┏━━

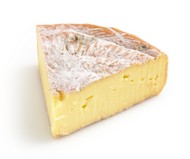 Dorset cheese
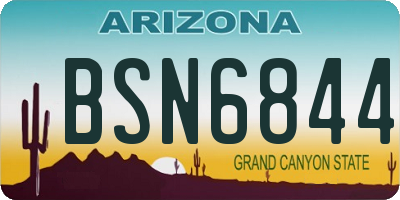 AZ license plate BSN6844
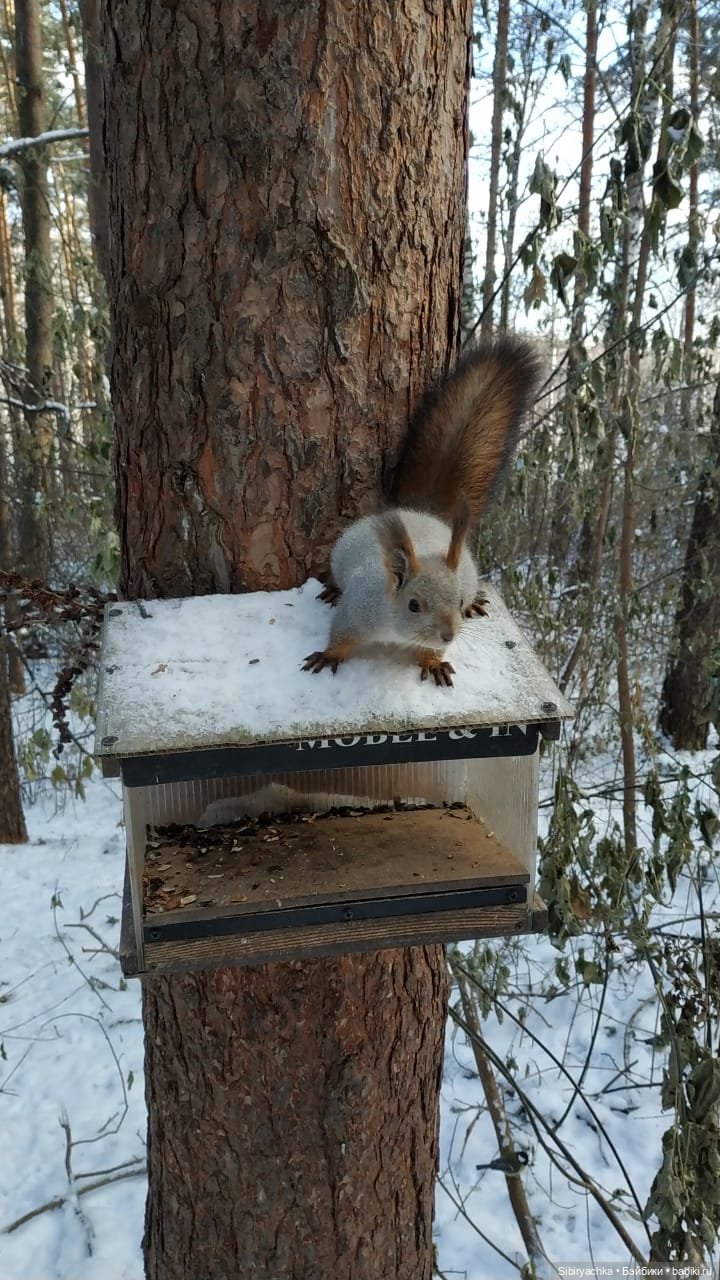 Юляшкина прогулка в погожий ноябрьский денёк | Бэйбики Юляшкина прогулка в погожий ноябрьский денёк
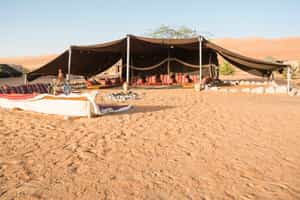 Visit a Bedouin community in Wahiba Sands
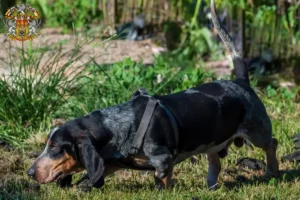 Mehr über den Artikel erfahren Basset bleu de Gascogne Züchter und Welpen in Prag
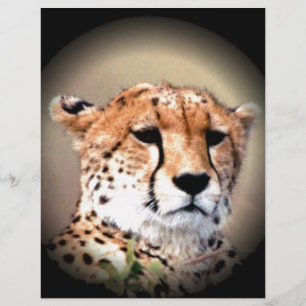 Cute Cheetah Tear Marks Hakunamatata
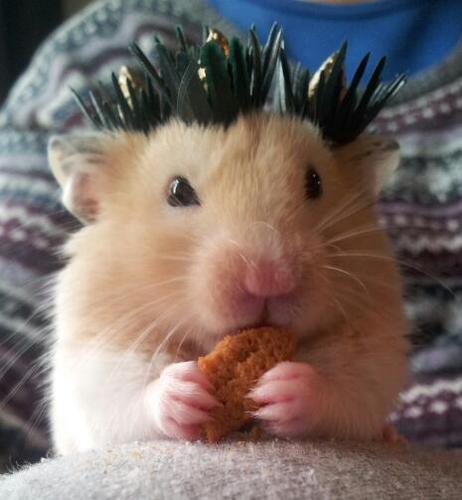 Turned into a hamster this life... Better LIVE IT!!!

┗━━

Repeat all of the records verbatim, leaving out the pictures.

 Dorset cheese
 AZ license plate BSN6844
 Юляшкина прогулка в погожий ноябрьский денёк | Бэйбики Юляшкина прогулка в погожий ноябрьский денёк
 Visit a Bedouin community in Wahiba Sands
 Mehr über den Artikel erfahren Basset bleu de Gascogne Züchter und Welpen in Prag
 Cute Cheetah Tear Marks Hakunamatata
 Turned into a hamster this life... Better LIVE IT!!!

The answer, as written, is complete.